How do you go about building a client base on a website where you help them?

What do you think these website founder have done to build their client base. Sites like Askfortask, Taskrabbit, needto, These websites have one common thing, helping individuals find a cheaper alternative to get a job done. How about a service where it helps businesses post their services for free to reach larger consumer base. 1) Should you concentrate on building a customer base but there won't be any business for them to look upon 2) Should you concentrate on building client base, but there won't be any customers. I am looking at this problem from a marketer perspective.


It's the chicken or the egg question and in all truth you need both to grow each other. You need to figure out about the minimum level of businesses you need to keep customers coming back and back. Second, you need to offer those business a free trial period, say 3-6 months, so that you have the businesses that will attract the people, but the businesses are not throwing away their money on an empty project, while you are recruiting your people.

You also need to market yourself and start early, while you are still setting things up. Get the word out: make youtube videos. Ask other sites to attach a link to your site. Write on blogs. Leave links on blogs (it is a bit of spamming but if the blog owners don't like it, they'll delete the link). Even better if you can do a trade for service with those same blog owners.

Be creative and MARKET MARKET MARKET. There's an old Russian saying: not advertising your business is like flirting with a girl across a non-lit room.

Answered 10 years ago

Find the market that is ready to pay for your service BEFORE you go build anything.

Go talk to your target market. Find out what they want. THEN build the site.

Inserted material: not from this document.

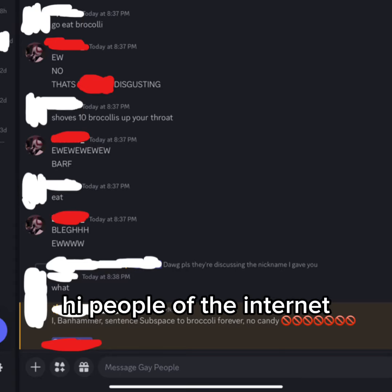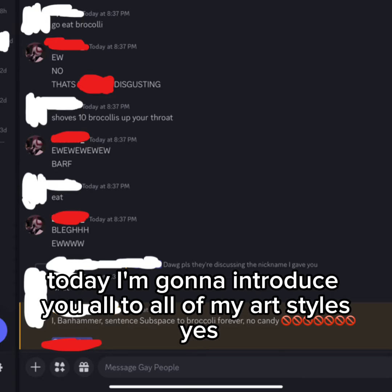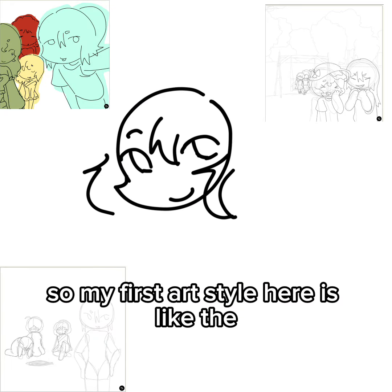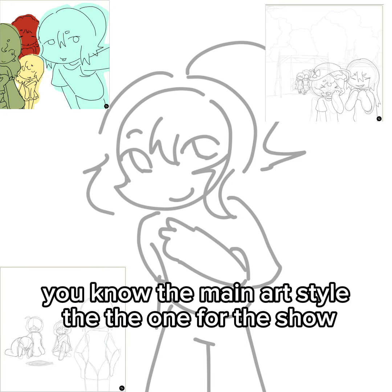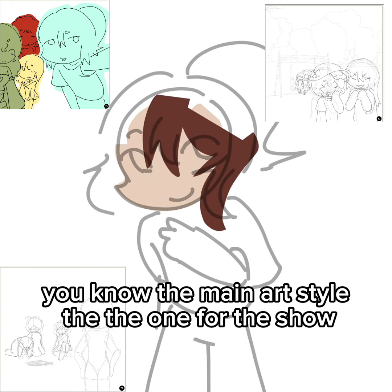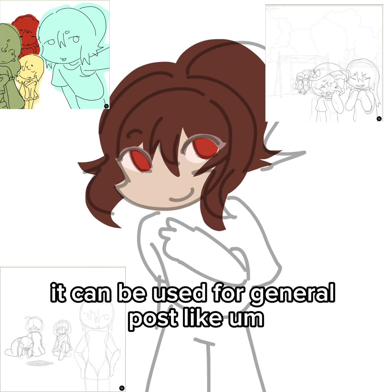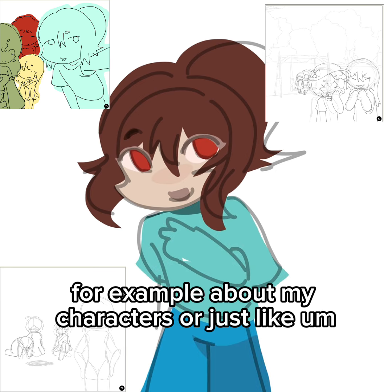Hi people of the internet, today I'm going to introduce you all to my art styles. My first art style here is the main one, the one for the show. It can be used for general posts, like about my characters or just basic fan art.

Nearly everyone does this bass ackwards, and creates nothing.

Answered 10 years ago

I see many dangers in your sentence "Help businesses post their services to reach customers".
To significantly increase your chances of success (and avoid extreme overwork which often causes burnout), I highly suggest you do two things :
1 - select a specific industry
2 - select a specific geographic area
The best parallel I can do is with Starbucks. It looks today as if they are everywhere. But in reality, they started small, tested and tuned their 'system' locally, and gradually expanded geographically.
Facebook did the same (started by only focusing on the academic market, with a clear focus on the 'dating' aspect, and then expanded).
In your case for example, your statement could be "Help accountants in Boston post their services for free to reach a larger consumer base".
Notice how you get instant focus with this simple change, you now know who to reach on both ends.
You can get even more focus by using a specific business size and smaller geographic area :
"Help accountants doing over 5M$/year in Cambridge post their services for free to reach a larger consumer base".
I clear message like this is very important in terms of customer acquisition because this level of specificity creates an 'this is for me' reaction, which instantaneously creates trust in your solution (one size fits all is dead).